WHEN she was younger, Dating Joville heard her parents say she shouldn’t go to the waterfalls in their barangay because a man named Aguinid had gone missing there.

Joville’s parents and other residents believed that the waterfalls in Barangay Tangbu, Samboan were under the control of a supernatural being.

According to Joville’s grandparents, Aguinid was a man who lived in an upland area near the falls. Sometime in the 1800s, he came down to get some firewood but disappeared after that.

Relatives looked for him but saw no trace, no body.

They believed, Joville said, that Aguinid had been taken by fairies and other supernatural beings.

Despite these stories, Joville and her siblings still go to the waterfalls to swim.

And what used to be a scary place for residents has turned into the most-visited eco-tourism site in the town today.
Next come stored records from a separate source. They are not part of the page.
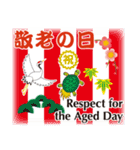 日本の四季歳時（個別スタンプ：31）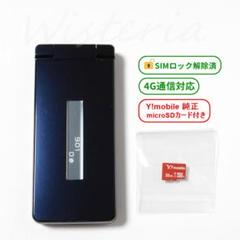 Y!mobile 4G AQUOS ケータイ3 806SH ブラック ガラホ AQUOS ケータイ3 806SHのデザイン・色｜AQUOS：シャープ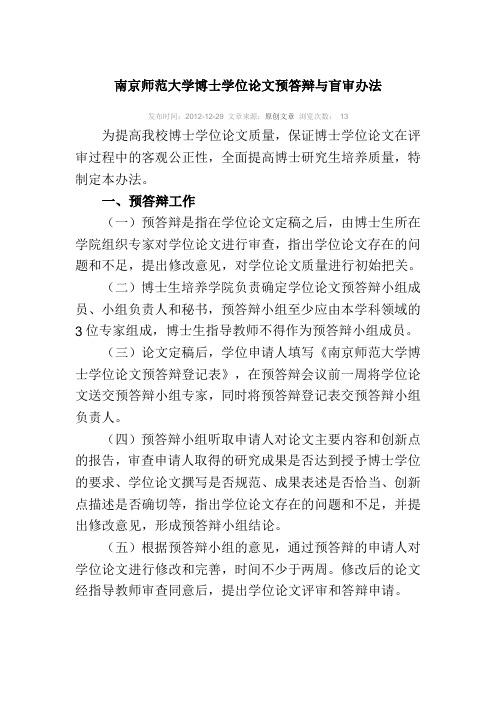 南京师范大学博士学位论文预答辩与盲审办法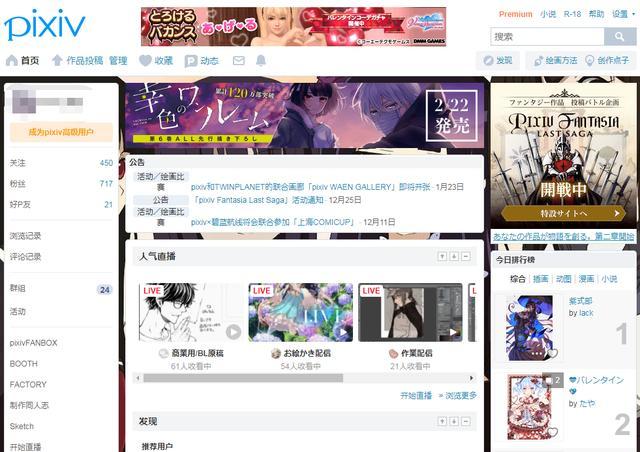 A站、B站、C站都是什么？今天来科普下这是什么意思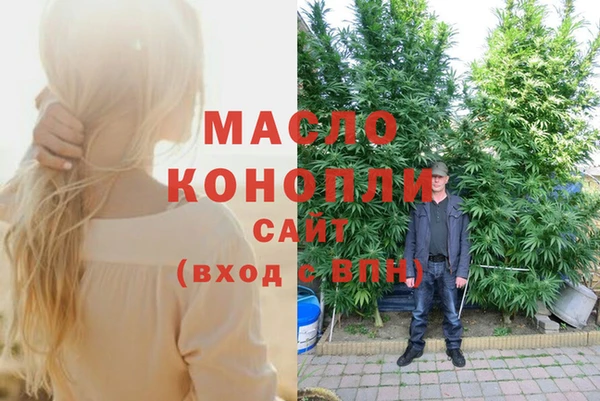 соль курить ск Алексин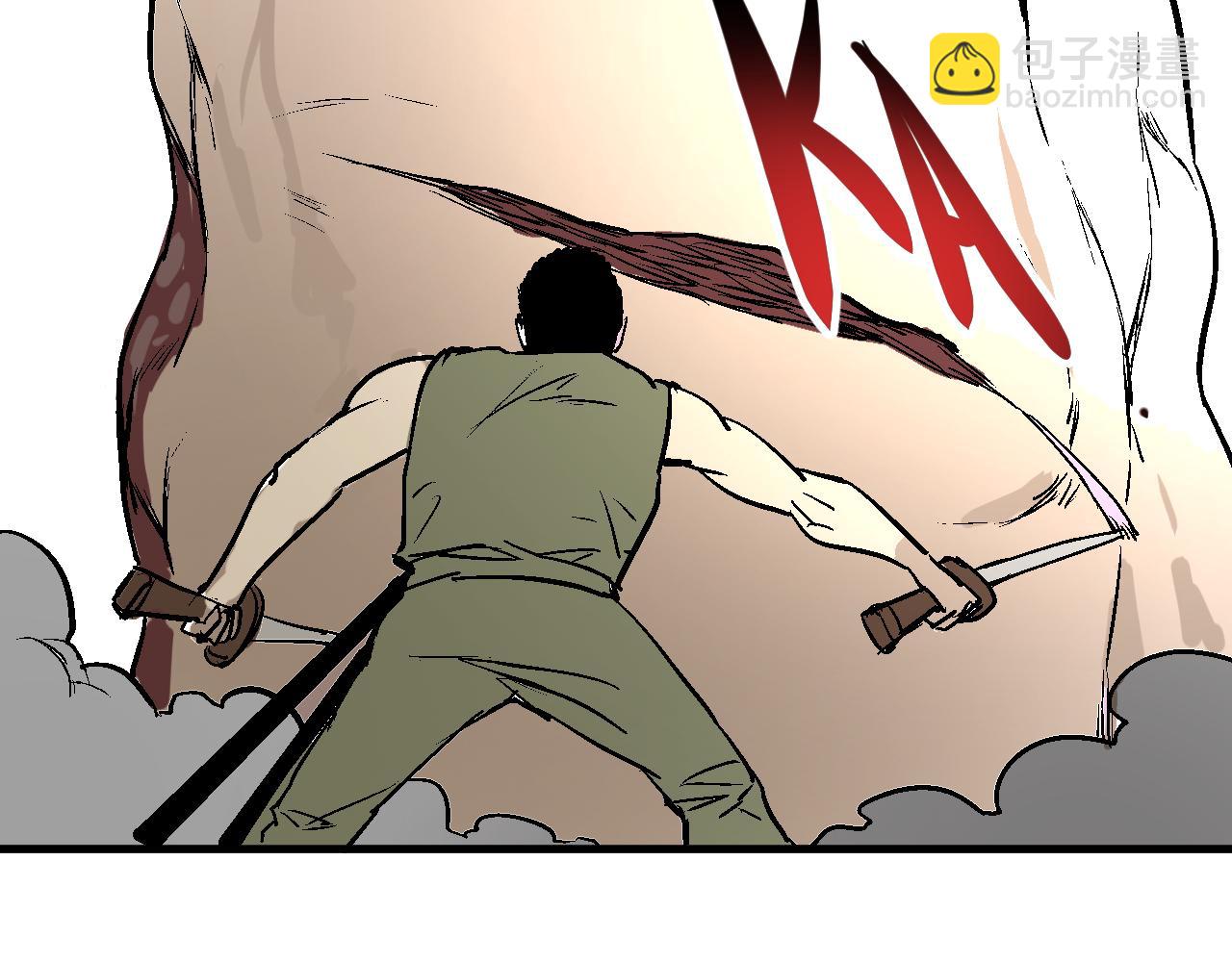 第57话  弑神篇（5）(1/2)-第58话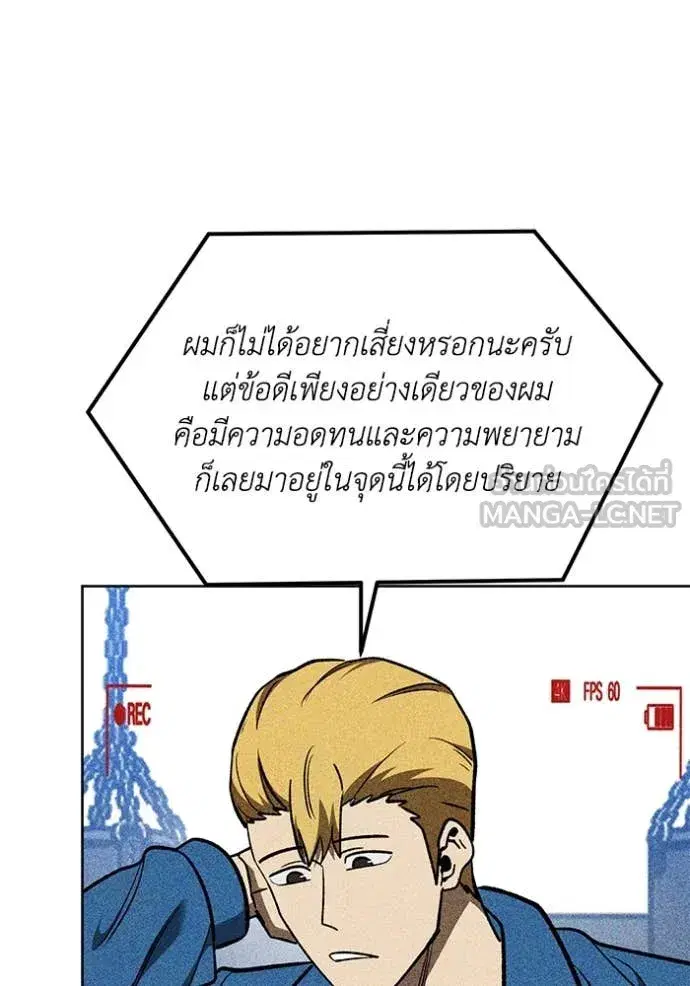 King of the Octagon ตอนที่ 183 หน้า 9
It is now called Aguinid Falls.

From Cebu City to Samboan (population: 18,613 as of 2010), a visitor needs to travel for 2.5 hours by bus to cover a 150-kilometer journey. Tangbu is two kilometers from the town’s poblacion or center.

Guest often just walk for five minutes from the national highway in Tangbu to the

falls, near the barangay hall.

For a P20 entrance fee, guests can trek, climb or swim the waterfalls. A tour guide can lead them to all five levels of the waterfalls, which stretch 100 meters at its most imposing point.

At the first level, five pools await. Rock climbing in the midst of a cool rush of water is offered at the second level. Trekking is encouraged from levels three to five, right up to the source.

Joville, 60, is now one of the tourist guides in the area.

“Amo standby dinhi naa nay tinguhaan (Our jobless residents now have a means of earning an income),” she said.

Samboan acting tourism officer Irwin Gamallo said they require a guide to accompany guests for safety and to inform them about prohibited acts while in the eco-tourism

site.

“Tour guides do not ask for fees but they accept tips,” he said.

Tangbu Barangay Captain Carolina Gamallo said the revenues are shared by the barangay and a people’s organization, and pay for the site’s maintenance.

Samboan Mayor Raymund Joseph Calderon said that the town recorded more than 22,000 tourist arrivals in Aguinid Falls for May alone.

Based on the data provided by the Samboan Tourism Office, tourist arrivals started rising in June 2014.

As of June 1, 2015, a total of 57,464 tourists have visited Samboan’s waterfalls so far.

Ritche Padin, 32, a guide, said the interest in Aguinid Falls is a great help to him for there are no companies in town where he could otherwise work.

Another tourist guide, Francisco Tanchio Jr., 34, said that some residents also rely on the waterfalls as a source of drinking water.